Alternatively, you could have a Dalli or, as we have at Market Lavington Museum, its smaller version, the Dallinette.

A German made Dallinette iron dating from about 1912. This item is at Market Lavington Museum

A German made Dallinette iron dating from about 1912. This item is at Market Lavington Museum

Manufacturer's marks

Manufacturer’s marks

These irons, of German origin allowed users to open them up and put smouldering charcoal inside. This enabled them to maintain heat.  A damper allowed some control over temperature by altering the airflow to the fuel. It was operated by the large knob at the back of the iron.

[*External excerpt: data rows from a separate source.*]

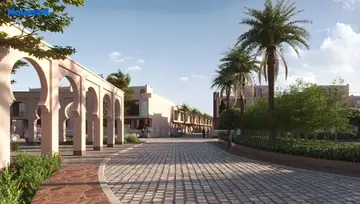 Amenities of Pakiza New Kohe Fiza - Image 46736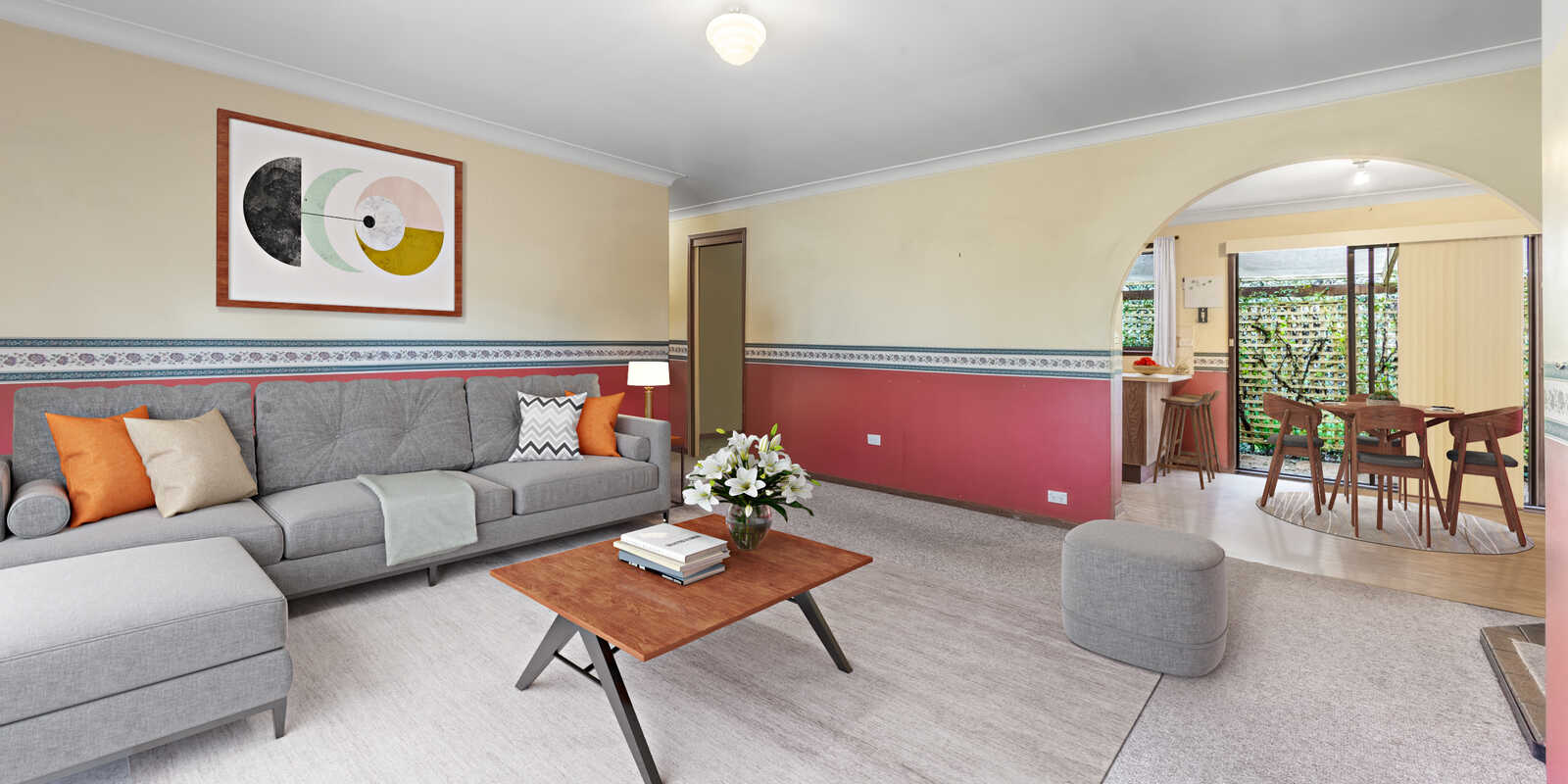 49 Mount York Road Mount Victoria 49 Mount York Road Mount Victoria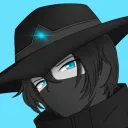 J-RAP's Discord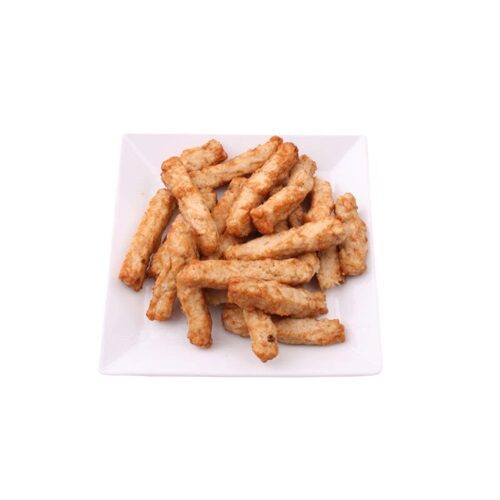 ❄️PANGANG CHICHIS CHICKEN BITES *FROZEN* 1 KG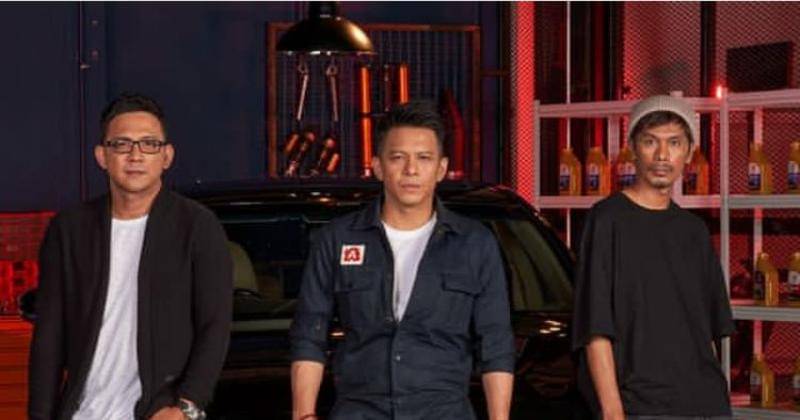 Instagram.com/noah_site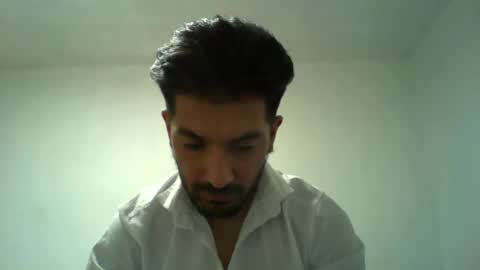 Snapshot of suaber_ chatting on 09/26/25, 10:14 suaber_ online show from 09/26/25, 10:14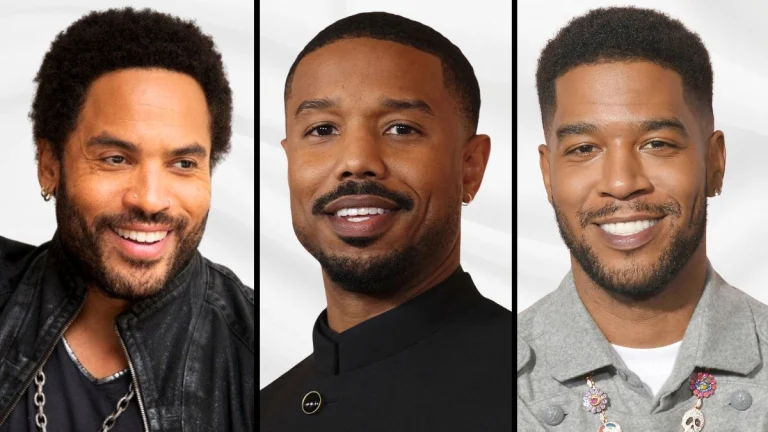 Black Actors Who Were Accused of “Blackfishing” and Sparked Global Outrage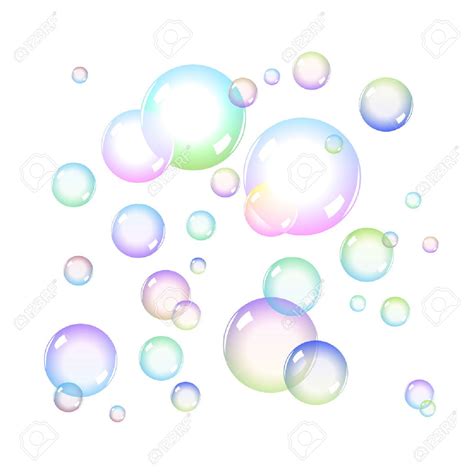 soap bubble clip art 10 free Cliparts | Download images on Clipground 2026
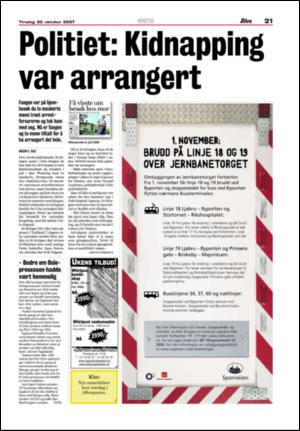 aftenposten_aften-20071030_000_00_00_021.pdf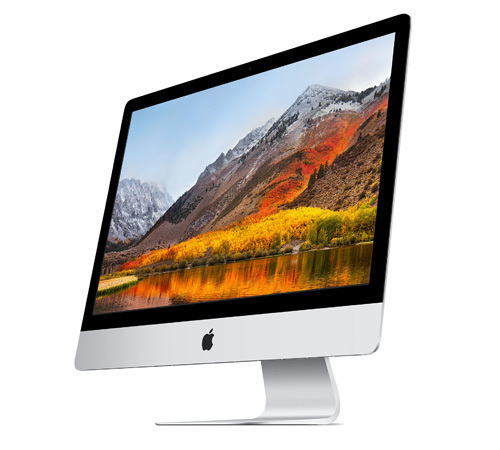 日本販売 ｉｍａｃ ２７インチ ｌａｔｅ ２０１３ ／ＧｅＦｏｒｃｅ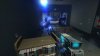 F.E.A.R. 2: Project Origin (Xbox 360/Xbox One)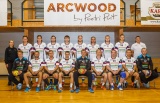 Pilt: Põlva ARCWOOD 2016 2017.jpg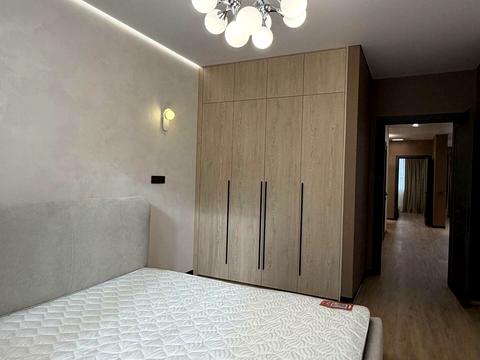 Квартира на вул. Ленкавського вул., 2-А к1, 2 в Івано-Франківську, ID 268970, фото №14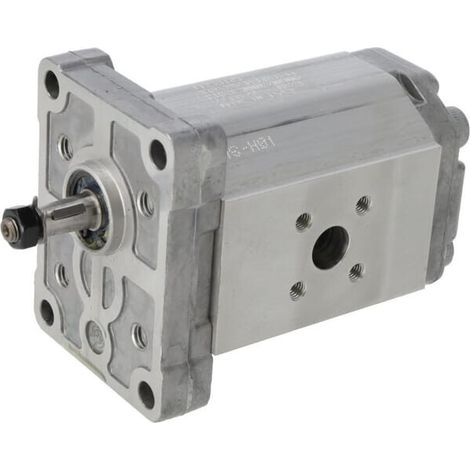 Pompe DANFOSS SKP1NN10RN01BA (1/2)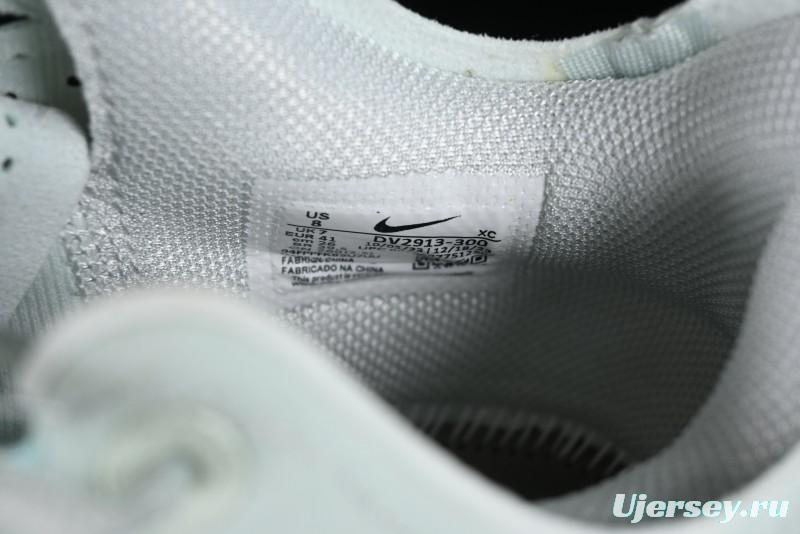 Nike Air Zoom G.T.Cut 3 EP Basketball Shoes with Full-Length ZoomX Foam for Superior Cushioning - DV2913-300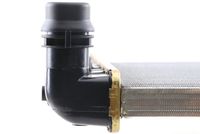 Thumbnail - Radiateur - CR454000S - MAHLE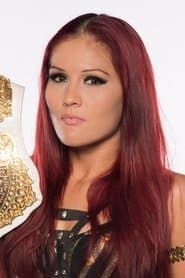 Ivelisse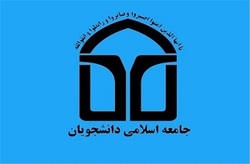 علائم بیش فعالی در کودکان چیست؟ + فیلم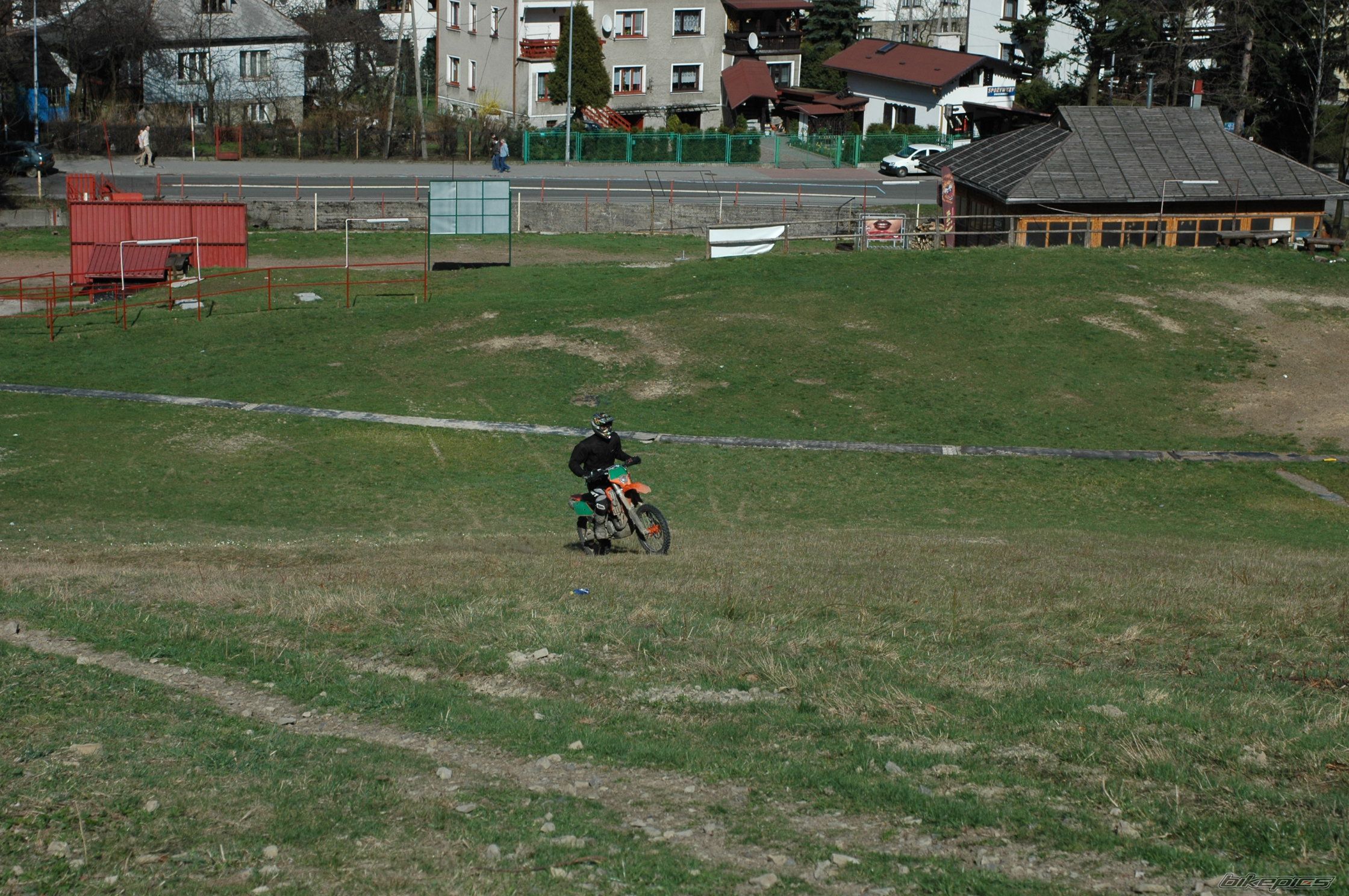 Bike Photo 869666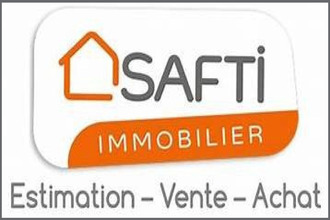 achat maison la-tranche-sur-mer 85360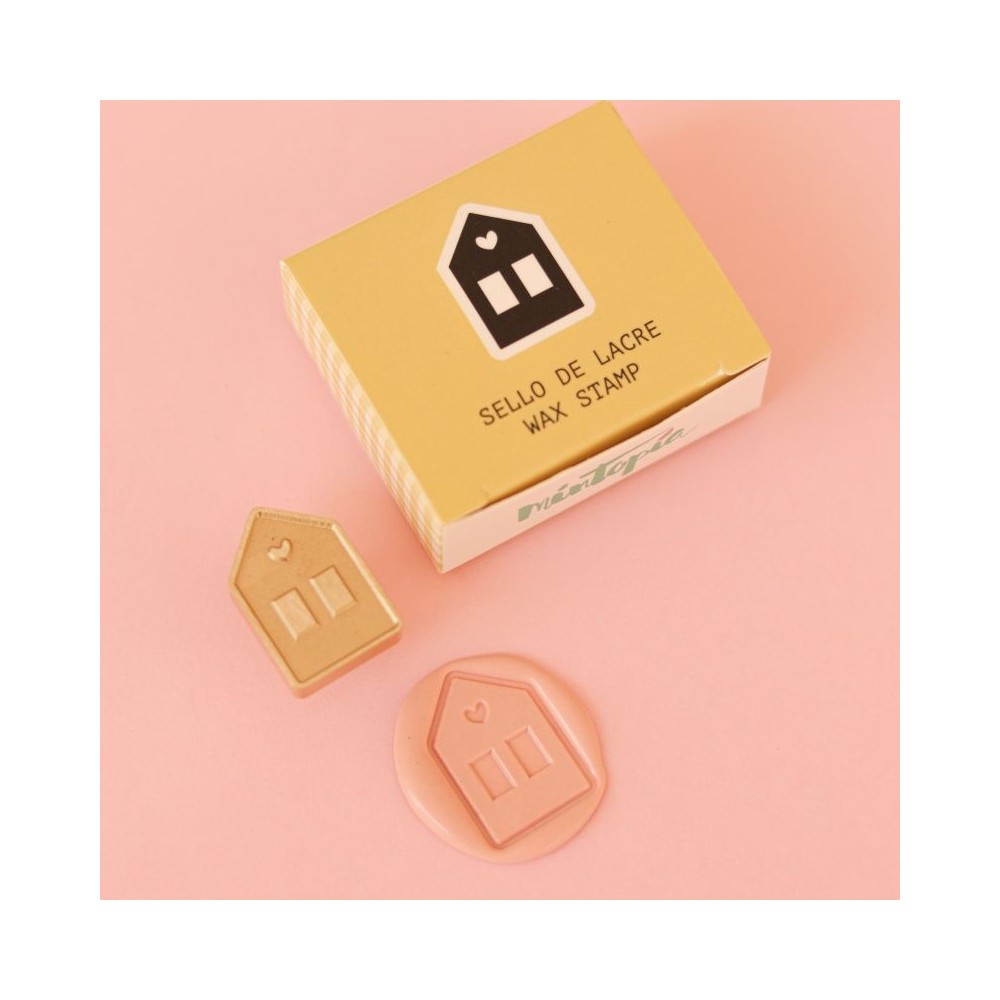 sello-lacre-sin-mango-casita-mintopia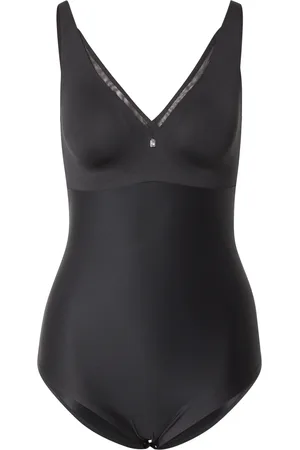 Triumph Stahovací body 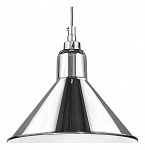 Подвесной светильник Lightstar Loft 765024 250_100_Array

The fuel chamber in the Dallinette

The fuel chamber in the Dallinette

The top of the iron opens to allow the fuel to be loaded and ignited – and then one iron was all you needed. Adverts made great play of this advantage over flat irons.

An advert for Dalli irons

An advert for Dalli irons

This advert is undated, but makes it clear that the Dalli was pure and perfect. It also indicates that our Dallinette was really for light work and travelling. Another advert claims that the Dalli promotes peace and harmony in the laundry. In part this was because ironing could be done without a hefty and hot stove, needed to keep flat irons warm.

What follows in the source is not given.